Software: MPI - nthu-ioa/cluster GitHub Wiki

:warning: This page is still being written. Please get in touch with the admins if you have any questions or suggestions.

About MPI

MPI (Message Passing Interface) is a standard for communication between independent processes, usually over a network. MPI can be used to write programs that solve problems by working on many CPU cores in parallel, even if those CPU cores are spread across many different machines. To use MPI, programs have to be linked with a software library that provides the standard MPI functions. The MPI library we use on our cluster is called OpenMPI.

https://mpitutorial.com/tutorials/

Using MPI effectively requires a basic understanding of the hardware in our machines, and how programs are executed on that hardware. See Tutorial: Parallel Computing. That page also explains the difference between MPI and multithreading/multiprocessing, which are types of shared memory parallelism.

In a nutshell, the point of MPI is to allow programs to communicate between physically separate machines, over a network. MPI programs usually start one process per machine. Those processes are identical and do exactly the same job. Each process can only see its own 'local' memory.

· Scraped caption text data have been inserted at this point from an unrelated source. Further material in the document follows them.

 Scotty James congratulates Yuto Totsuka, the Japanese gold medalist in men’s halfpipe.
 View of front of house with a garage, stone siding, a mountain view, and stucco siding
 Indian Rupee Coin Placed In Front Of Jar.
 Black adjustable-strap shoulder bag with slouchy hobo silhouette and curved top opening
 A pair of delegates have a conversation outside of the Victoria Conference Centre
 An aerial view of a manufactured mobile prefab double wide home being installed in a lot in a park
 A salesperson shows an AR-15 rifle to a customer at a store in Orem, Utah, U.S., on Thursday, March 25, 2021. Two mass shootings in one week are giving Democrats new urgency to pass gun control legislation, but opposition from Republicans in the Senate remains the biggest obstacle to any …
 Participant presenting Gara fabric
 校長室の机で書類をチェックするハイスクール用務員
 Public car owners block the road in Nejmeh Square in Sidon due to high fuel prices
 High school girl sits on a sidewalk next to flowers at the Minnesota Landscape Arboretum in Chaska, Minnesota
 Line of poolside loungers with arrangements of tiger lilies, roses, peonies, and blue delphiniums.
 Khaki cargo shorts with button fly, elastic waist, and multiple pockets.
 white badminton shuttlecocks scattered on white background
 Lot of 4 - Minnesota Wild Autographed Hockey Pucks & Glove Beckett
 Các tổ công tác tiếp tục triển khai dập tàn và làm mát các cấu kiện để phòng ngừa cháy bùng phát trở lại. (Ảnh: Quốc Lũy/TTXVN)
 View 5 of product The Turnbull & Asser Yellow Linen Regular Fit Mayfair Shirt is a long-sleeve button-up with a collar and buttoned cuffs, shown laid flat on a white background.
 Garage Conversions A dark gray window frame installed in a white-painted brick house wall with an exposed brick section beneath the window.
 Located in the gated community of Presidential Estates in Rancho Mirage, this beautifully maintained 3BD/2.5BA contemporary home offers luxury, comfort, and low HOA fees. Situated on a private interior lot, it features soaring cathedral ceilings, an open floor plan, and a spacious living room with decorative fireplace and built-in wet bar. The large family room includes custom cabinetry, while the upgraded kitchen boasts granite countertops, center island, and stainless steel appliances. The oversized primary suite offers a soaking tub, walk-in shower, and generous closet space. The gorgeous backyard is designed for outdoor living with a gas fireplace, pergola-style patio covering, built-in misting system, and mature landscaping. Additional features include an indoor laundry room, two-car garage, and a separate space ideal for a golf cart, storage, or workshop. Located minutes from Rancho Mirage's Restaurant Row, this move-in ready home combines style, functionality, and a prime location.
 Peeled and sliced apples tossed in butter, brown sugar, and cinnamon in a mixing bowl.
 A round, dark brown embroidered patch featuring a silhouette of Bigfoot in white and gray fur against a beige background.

However, because the processes can send messages to each other over the network using MPI, they can still work together to solve a bigger problem. For example, they can each read in part of a big file, use that data to compute something, and then share the result with each other.

Launching MPI Jobs

Like all jobs on the cluster, MPI jobs should be submitted to the Slurm batch queue using sbatch. The Slurm environment and the commands to start the job should be provided in a shell script. See our page on Slurm for more details.

For MPI jobs, the batch script needs to contain three things:

  1. A set of sbatch directives to allocate cluster resources for the job in a way that MPI can use efficiently;
  2. Environment variables and modules that configure the MPI environment;
  3. A job command line that starts your computation using an MPI-aware job controller (mpirun or srun).

The following sections walk through these three topics.

SBATCH directives for MPI jobs

MPI environment variables

The job command line

Inside your job script, there are two commands that can be used to launch MPI jobs on the cluster:

  1. Using mpirun
  2. Using srun

For the time being the correct choice depends on how your code was compiled. The bottom line is:

  1. Use mpirun if you compiled your MPI code yourself using the MPI libraries on the cluster;
  2. Use srun if you are using a code that has already been compiled with different MPI libraries, including python with the mpi4py module or any code you have installed via the conda package manager.

mpirun options for MPI

srun options for MPI

FAQs

Q. For serial jobs we always use srun. What is the difference between srun and mpirun?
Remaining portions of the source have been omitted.